Every record that follows needs to be written out again, exactly.

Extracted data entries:
══════════════════════════════

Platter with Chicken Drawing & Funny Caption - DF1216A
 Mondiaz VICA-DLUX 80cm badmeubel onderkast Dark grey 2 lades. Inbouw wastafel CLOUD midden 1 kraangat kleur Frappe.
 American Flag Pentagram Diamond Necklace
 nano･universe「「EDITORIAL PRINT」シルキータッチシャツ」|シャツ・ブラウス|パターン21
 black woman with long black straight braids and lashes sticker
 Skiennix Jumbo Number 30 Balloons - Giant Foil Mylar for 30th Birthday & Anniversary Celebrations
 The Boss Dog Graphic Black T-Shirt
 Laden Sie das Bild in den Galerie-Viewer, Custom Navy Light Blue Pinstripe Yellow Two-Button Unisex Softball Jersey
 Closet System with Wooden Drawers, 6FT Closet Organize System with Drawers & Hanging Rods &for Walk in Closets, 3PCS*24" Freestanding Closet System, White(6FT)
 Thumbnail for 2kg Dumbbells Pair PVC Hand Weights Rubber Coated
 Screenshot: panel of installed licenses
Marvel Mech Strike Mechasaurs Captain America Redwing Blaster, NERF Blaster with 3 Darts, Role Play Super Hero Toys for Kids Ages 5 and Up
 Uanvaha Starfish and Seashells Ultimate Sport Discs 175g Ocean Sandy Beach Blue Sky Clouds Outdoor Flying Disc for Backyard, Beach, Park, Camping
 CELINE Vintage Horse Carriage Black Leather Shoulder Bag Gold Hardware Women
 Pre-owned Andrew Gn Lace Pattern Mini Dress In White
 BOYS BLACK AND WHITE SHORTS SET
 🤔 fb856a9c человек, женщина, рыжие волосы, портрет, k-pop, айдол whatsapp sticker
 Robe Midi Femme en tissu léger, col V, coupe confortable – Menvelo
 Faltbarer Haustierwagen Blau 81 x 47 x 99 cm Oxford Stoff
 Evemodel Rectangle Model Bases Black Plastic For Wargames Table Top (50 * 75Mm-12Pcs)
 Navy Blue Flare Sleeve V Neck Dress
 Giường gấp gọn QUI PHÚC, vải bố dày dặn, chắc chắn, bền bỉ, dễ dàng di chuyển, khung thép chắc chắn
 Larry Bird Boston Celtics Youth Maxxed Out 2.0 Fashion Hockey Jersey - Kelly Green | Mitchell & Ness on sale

══════════════════════════════

Result for this task:
Platter with Chicken Drawing & Funny Caption - DF1216A
 Mondiaz VICA-DLUX 80cm badmeubel onderkast Dark grey 2 lades. Inbouw wastafel CLOUD midden 1 kraangat kleur Frappe.
 American Flag Pentagram Diamond Necklace
 nano･universe「「EDITORIAL PRINT」シルキータッチシャツ」|シャツ・ブラウス|パターン21
 black woman with long black straight braids and lashes sticker
 Skiennix Jumbo Number 30 Balloons - Giant Foil Mylar for 30th Birthday & Anniversary Celebrations
 The Boss Dog Graphic Black T-Shirt
 Laden Sie das Bild in den Galerie-Viewer, Custom Navy Light Blue Pinstripe Yellow Two-Button Unisex Softball Jersey
 Closet System with Wooden Drawers, 6FT Closet Organize System with Drawers & Hanging Rods &for Walk in Closets, 3PCS*24" Freestanding Closet System, White(6FT)
 Thumbnail for 2kg Dumbbells Pair PVC Hand Weights Rubber Coated
 Screenshot: panel of installed licenses
Marvel Mech Strike Mechasaurs Captain America Redwing Blaster, NERF Blaster with 3 Darts, Role Play Super Hero Toys for Kids Ages 5 and Up
 Uanvaha Starfish and Seashells Ultimate Sport Discs 175g Ocean Sandy Beach Blue Sky Clouds Outdoor Flying Disc for Backyard, Beach, Park, Camping
 CELINE Vintage Horse Carriage Black Leather Shoulder Bag Gold Hardware Women
 Pre-owned Andrew Gn Lace Pattern Mini Dress In White
 BOYS BLACK AND WHITE SHORTS SET
 🤔 fb856a9c человек, женщина, рыжие волосы, портрет, k-pop, айдол whatsapp sticker
 Robe Midi Femme en tissu léger, col V, coupe confortable – Menvelo
 Faltbarer Haustierwagen Blau 81 x 47 x 99 cm Oxford Stoff
 Evemodel Rectangle Model Bases Black Plastic For Wargames Table Top (50 * 75Mm-12Pcs)
 Navy Blue Flare Sleeve V Neck Dress
 Giường gấp gọn QUI PHÚC, vải bố dày dặn, chắc chắn, bền bỉ, dễ dàng di chuyển, khung thép chắc chắn
 Larry Bird Boston Celtics Youth Maxxed Out 2.0 Fashion Hockey Jersey - Kelly Green | Mitchell & Ness on sale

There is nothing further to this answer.